The case for a better US

Just one year ago we were engaged in conversations over what the future “new normal” would look like. It seems long ago. We have entered a new chapter in history, a new future, a new normal. And it looks bleak. Our time will be remembered in the history books as the time of a perfect storm: war, sanctions, lockdowns, rising inflation, recession, and the list can go on. We are called to respond to unprecedented challenges and we need to be at our best as individuals, communities and species.

Business, too, is called to express its best version. Not only organizations have to respond to changes in the very fundamentals of the markets, but they need to give answers to requests that grow louder by the day. Amid the decline of political ideologies and religions, the public is looking at companies and brands in search of meaning, and possibly of a way out of the mess we are caught in.

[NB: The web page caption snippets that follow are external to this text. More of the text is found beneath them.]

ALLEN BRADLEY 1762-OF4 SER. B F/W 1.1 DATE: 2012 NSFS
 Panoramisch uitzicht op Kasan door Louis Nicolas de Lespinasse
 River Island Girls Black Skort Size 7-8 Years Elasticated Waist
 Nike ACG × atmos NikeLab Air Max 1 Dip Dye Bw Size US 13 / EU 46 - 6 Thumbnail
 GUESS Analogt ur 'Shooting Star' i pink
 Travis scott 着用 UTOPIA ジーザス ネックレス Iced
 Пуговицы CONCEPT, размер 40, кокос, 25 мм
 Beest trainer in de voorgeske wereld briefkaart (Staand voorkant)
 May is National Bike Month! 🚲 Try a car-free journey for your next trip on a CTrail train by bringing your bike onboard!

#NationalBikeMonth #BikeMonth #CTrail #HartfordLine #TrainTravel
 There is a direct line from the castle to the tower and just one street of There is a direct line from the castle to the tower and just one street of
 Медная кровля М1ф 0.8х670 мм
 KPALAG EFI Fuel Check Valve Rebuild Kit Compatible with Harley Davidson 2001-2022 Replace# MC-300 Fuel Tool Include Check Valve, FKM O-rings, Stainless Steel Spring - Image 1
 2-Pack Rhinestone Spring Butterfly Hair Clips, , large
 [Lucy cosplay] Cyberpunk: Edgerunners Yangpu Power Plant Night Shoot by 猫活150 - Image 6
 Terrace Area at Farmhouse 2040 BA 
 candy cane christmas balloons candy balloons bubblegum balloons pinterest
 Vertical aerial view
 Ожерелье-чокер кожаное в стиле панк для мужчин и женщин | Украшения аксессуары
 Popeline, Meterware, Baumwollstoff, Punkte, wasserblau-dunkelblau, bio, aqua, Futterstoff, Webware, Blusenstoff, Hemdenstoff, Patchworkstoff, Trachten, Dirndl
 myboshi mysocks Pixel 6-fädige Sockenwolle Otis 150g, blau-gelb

Some past stories give us hope that business can help. It is comforting to look at the transformation that Unilever experienced under the leadership of Paul Polman. Patagonia makes for almost a cliché in any conversation about business for good, with its founder Yvon Chouinard in the role of a semi-god of sustainability. And there are stories of smaller businesses that are less known but equally inspiring. A few years ago, the young CEO of Gravity Payments, Dan Price, became instantly famous for his decision to pay his employees a minimum wage of $70.000. Many thought that Price was on the highway that leads to failure, others predicted his soon to come bankruptcy and most thought that business is to be run in different, more serious ways.

More than a decade passed and Gravity Payments did not go bankrupt: it thrives instead.

The red line that unifies these stories, is the inspiration of a leader that ignites the power of a crowd. Paul Polman found a fertile ground in a corporation that is immense in dimensions. His leutenants could have gone a different way, but decided to gather around his compelling vision. On a similar note, Yvon Chouinard is a visionary genius, but his quest to save the planet could not generate such a successful business if the men and women in his team did not back him up with grounded practicality.

More business leaders are raising their voices, offering visions and solutions to problems and crises. Bill Gates, Tim Cook, Elon Musk, Peter Thiel: the list is long. These leaders are stepping up as new Mosseses that show us the way out of Egypt. They come with a worldview and ask us to join them on a journey to a promised land that we cannot yet make out. We look at them in awe and admiration, but a voice within tells us that something is not perfect. What is it?

Take Musk’s buy out of Twitter, for instance. It was done with a specific moral claim based on his understanding of freedom of speech. We can agree or disagree with Musk, but a more general question comes to mind: should one person be the guardian of freedom of speech? Is that safe?

One could confidently propose that it is wiser to cling to the wisdom of the crowds on these types of matters, because it would reflect a general moral compass that emerges as the result of different views and sentiments. A very agreeable position and one that I subscribe. But the times that we are living in, propose challenges that cast doubts also on the infallibility of the wisdom of the crowds and the morality that emerges from it.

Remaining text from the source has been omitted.